Filed under: Healthy Lifestyle, weight loss | Tags: diet, sleep, stress, thyroid, weight loss
Many people seek out my help because they find that they can’t lose weight, no matter what they try. They may tell me they’ve tried Atkins and Paleo, gone gluten-free for a year, done Weight Watchers, undertaken a juice fast, worked out three times a week with a trainer for two years, or all of the above. And nothing happened. Not a single pound was shed.
Why? How is it possible that all of these approaches can fail?
The answer can be different for everyone. Here are just a few of the reasons why your scale might refuse to budge:
Lack of sleep. Numerous studies have shown that lack of sleep leads to weight gain. If you’re regularly getting less than seven hours of sleep, expect to feel hungrier than you otherwise would, and know that you will likely find yourself taking in more calories than if you’d had a good night’s sleep.

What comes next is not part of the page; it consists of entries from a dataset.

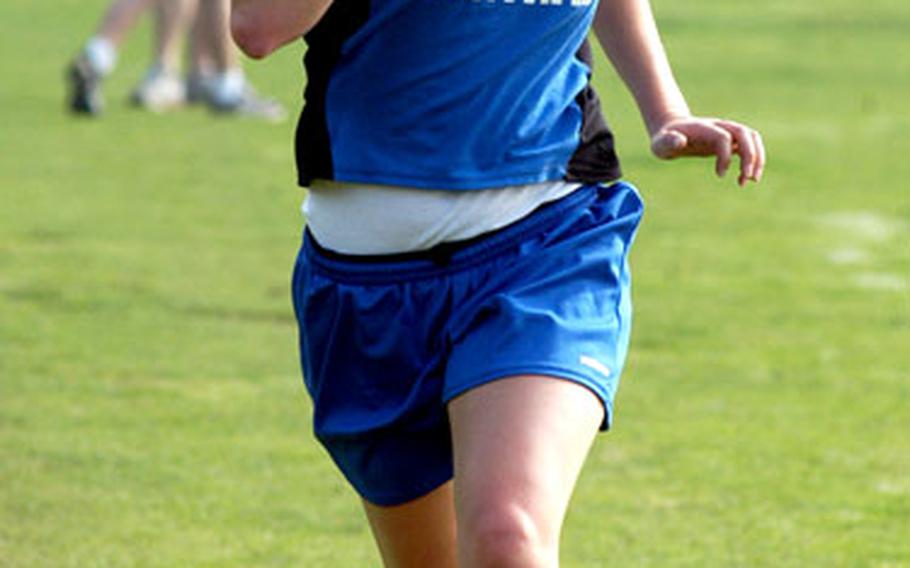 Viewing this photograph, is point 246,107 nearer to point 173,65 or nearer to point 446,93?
point 173,65

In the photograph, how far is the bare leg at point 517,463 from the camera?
3186 millimetres

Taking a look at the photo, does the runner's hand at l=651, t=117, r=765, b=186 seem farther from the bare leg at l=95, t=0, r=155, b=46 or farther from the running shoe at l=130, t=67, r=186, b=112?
the running shoe at l=130, t=67, r=186, b=112

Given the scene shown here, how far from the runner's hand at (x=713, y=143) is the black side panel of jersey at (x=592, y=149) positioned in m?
0.13

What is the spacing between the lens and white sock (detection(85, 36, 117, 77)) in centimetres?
1399

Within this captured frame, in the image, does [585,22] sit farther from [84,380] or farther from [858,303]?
[858,303]

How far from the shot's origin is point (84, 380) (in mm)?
7184

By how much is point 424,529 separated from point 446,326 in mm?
438

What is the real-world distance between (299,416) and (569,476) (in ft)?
11.6

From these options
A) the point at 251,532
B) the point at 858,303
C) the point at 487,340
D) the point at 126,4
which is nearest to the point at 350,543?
the point at 251,532

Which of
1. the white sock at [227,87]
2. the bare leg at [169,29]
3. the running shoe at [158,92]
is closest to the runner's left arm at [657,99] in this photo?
the white sock at [227,87]

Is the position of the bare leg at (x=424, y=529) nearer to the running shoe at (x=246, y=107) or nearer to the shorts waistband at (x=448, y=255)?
the shorts waistband at (x=448, y=255)

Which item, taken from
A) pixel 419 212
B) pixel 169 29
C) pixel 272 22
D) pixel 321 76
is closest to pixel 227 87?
pixel 169 29

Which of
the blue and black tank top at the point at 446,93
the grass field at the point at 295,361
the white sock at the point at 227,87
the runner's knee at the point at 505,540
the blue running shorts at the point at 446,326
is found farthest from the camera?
the white sock at the point at 227,87

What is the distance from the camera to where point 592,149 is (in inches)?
147
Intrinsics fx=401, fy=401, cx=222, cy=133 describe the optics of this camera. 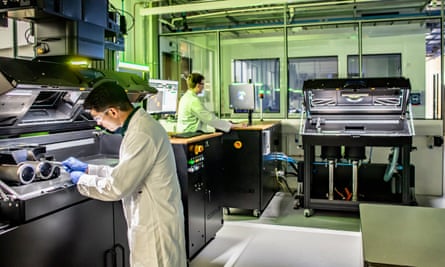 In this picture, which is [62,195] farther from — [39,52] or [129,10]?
[129,10]

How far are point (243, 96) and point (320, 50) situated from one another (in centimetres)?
314

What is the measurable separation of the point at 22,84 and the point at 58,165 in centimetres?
59

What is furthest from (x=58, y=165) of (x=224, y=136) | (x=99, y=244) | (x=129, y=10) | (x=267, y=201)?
(x=129, y=10)

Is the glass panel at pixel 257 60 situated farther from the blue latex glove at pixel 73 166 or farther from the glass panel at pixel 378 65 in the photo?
the blue latex glove at pixel 73 166

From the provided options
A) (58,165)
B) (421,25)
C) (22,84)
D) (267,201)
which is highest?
(421,25)

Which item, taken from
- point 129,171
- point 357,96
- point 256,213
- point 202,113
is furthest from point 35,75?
point 357,96

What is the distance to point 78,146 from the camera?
288 centimetres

Too much stress. As I mentioned in my May newsletter, (you can read it here), stress makes us fat. Stress activates a biological response that makes us feel hungry. And stress leads to increased storage of belly fat. If you change your diet for the better but stress hormones are constantly being pumped into your system by your adrenal glands, those excess pounds are not going anywhere.
Thyroid problems. Your thyroid gland regulates your metabolism. And if it’s not working properly, not only will you not lose weight, but you may find yourself suddenly and inexplicably gaining a lot of weight, even though your diet has remained the same. Get your thyroid checked if you see sudden changes in your weight and also experience such symptoms as brain fog, changes in your hair or skin, or debilitating fatigue.
Food sensitivities. If you have a hidden food intolerance–which is quite likely if you are bloated, gassy, constipated, or have diarrhea on a regular basis–then you won’t lose those extra pounds so easily. The offending food or foods is causing a constant state of inflammation in your body, and inflammation produces insulin resistance, leading to higher insulin levels. As insulin is a fat storage hormone, you’ll hold onto more fat, especially around your mid-section.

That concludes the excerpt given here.